Fraud is a knowing misrepresentation of the truth or concealment of a material fact to induce another to act to his or her detriment.

2. HOW MUCH TIME ELAPSES BEFORE FRAUD IS DETECTED?

The median fraud duration from commencement to detection of 18 months.

3. HOW DOES FRAUD AFFECT ORGANIZATIONS?

The typical organization loses 5 percent of its annual revenues to fraud.1 During the time the fraud has gone undetected, the median loss for an organization is $145,000, with nearly a quarter of cases involving losses of at least $1 million.

4. WHAT ARE THE MOST COMMON TYPES OF FRAUD?

Occupational fraud, which is fraud committed by an individual in their role within the workplace, can be broken into three categories:

  • Financial statement fraud
  • Corruption (primarily bribery)
  • Asset misappropriation

Many cases involve more than one category of occupational fraud.

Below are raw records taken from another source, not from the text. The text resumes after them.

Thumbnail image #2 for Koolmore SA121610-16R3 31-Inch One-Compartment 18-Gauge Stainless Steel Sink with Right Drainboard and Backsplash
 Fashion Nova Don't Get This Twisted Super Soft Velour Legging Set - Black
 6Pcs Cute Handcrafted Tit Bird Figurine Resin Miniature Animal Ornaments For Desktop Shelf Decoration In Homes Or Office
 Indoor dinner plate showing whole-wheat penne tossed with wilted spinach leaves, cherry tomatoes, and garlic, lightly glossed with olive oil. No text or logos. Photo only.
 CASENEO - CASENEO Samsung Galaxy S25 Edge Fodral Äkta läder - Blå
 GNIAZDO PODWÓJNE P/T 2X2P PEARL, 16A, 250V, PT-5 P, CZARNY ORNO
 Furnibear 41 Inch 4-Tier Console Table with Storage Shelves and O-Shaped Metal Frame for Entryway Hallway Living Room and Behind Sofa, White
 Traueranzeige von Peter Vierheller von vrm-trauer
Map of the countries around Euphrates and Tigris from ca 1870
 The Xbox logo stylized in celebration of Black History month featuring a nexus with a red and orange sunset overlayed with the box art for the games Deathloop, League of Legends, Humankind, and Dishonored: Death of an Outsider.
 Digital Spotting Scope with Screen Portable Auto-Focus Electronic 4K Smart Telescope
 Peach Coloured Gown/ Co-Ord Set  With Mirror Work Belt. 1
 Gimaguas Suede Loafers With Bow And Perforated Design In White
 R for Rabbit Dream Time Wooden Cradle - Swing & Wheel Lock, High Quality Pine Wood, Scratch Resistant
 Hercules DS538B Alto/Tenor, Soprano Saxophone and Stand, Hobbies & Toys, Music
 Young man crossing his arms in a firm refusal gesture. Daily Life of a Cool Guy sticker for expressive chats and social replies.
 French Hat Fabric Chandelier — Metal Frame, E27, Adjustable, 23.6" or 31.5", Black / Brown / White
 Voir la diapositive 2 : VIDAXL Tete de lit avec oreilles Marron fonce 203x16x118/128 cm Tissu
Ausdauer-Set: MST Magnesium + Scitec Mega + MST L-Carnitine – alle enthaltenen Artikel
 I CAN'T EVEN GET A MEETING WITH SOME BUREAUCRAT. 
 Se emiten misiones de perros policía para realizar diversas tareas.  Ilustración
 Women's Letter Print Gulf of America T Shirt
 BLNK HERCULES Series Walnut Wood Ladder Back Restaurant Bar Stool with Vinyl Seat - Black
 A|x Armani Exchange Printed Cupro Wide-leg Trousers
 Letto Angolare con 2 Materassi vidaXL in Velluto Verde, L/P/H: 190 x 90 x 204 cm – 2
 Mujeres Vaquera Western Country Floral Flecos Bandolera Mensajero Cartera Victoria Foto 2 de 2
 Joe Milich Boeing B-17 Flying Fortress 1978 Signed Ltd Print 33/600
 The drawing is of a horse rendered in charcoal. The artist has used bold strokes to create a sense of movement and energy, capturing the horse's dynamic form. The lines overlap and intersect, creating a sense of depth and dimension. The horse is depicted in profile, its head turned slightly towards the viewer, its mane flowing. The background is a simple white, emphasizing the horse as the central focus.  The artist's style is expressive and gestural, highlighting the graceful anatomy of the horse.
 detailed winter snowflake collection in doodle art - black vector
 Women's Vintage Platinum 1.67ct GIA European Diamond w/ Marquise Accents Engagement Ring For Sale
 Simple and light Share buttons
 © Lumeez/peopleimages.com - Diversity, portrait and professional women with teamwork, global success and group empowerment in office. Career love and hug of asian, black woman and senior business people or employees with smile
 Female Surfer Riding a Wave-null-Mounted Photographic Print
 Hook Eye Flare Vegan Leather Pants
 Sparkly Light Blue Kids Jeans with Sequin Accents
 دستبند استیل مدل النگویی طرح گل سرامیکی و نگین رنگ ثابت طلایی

5. HOW MUCH DOES EACH TYPE OF FRAUD COST AN ORGANIZATION?

The median financial losses for occupational fraud are:

  • $1 million for financial statement fraud
  • $200,00 for corruption and
  • $130,000 for asset misappropriation

6. WHAT IS THE BEST METHOD OF FRAUD DETECTION?

Tips are consistently the most effective fraud detection tool. Approximately 40 percent of frauds are detected by tips, making tips twice as effective at fraud detection than management reviews, audits, account reconciliation, document examination, surveillance and monitoring, law enforcement and IT controls.

7. WHAT IMPACT DOES THE FRAUD PERPETRATOR’S ROLE WITHIN THE ORGANIZATION HAVE ON FINANCIAL LOSS?

The more senior the role, the greater the loss. The median loss based on the perpetrator’s role is:

  • An owner or executive perpetrator = $500,000
  • A manger perpetrator = $130,000
  • An employee perpetrator = $75,000

8. HOW DOES THE NUMBER OF PEOPLE INVOLVED IN A FRAUD IMPACT AN ORGANIZATION’S FINANCIAL LOSS?

The more people involved, the greater the loss. Losses increase from a median of $80,000 for a single person to $500,000 for four or more persons.

9. WHY DON’T TRADITIONAL AUDITS DETECT FRAUD?

External audits account for just 3 percent of accurate fraud detections, although approximately 80 percent of victimized organizations rely on them. Three principle reasons fraud evades detection in traditional audits are:

  • Predictable timing: Audits often occur on a regular and announced timetable, which allows perpetrators to avoid periods when detection would be likely.
  • Limited scope: Audits are concerned with examining financial data and the existence of controls with the goal of reaching an opinion on financial statements and related information. This is not always comprehensive enough to detect fraud, which requires the more intensive tasks of reviewing documents, conducting interviews and performing record searches.
  • Approach: Although auditors are required to employ professional skepticism, the traditional audit is nonadversarial. By contrast, a fraud investigation requires an approach designed to identify whether there is sufficient evidence to support or rebut an allegation of fraud.

10. WHAT CAN ORGANIZATIONS DO?

Establish and employ anti-fraud training, policies and controls tailored to fraud risks at each employee level and for all business lines.

Establish and use employee hotlines as a first line of defense to fraud.

Where appropriate training, policies and controls are in place, the length of fraud schemes may be reduced by 50 percent and the financial loss reduced by 60 percent. Statistics used in this document are drawn from The Association of Certified Fraud Examiners (ACFE) Report to the Nations on Occupational Fraud and Abuse (2014), available at www.acfe.com/rttn.aspx.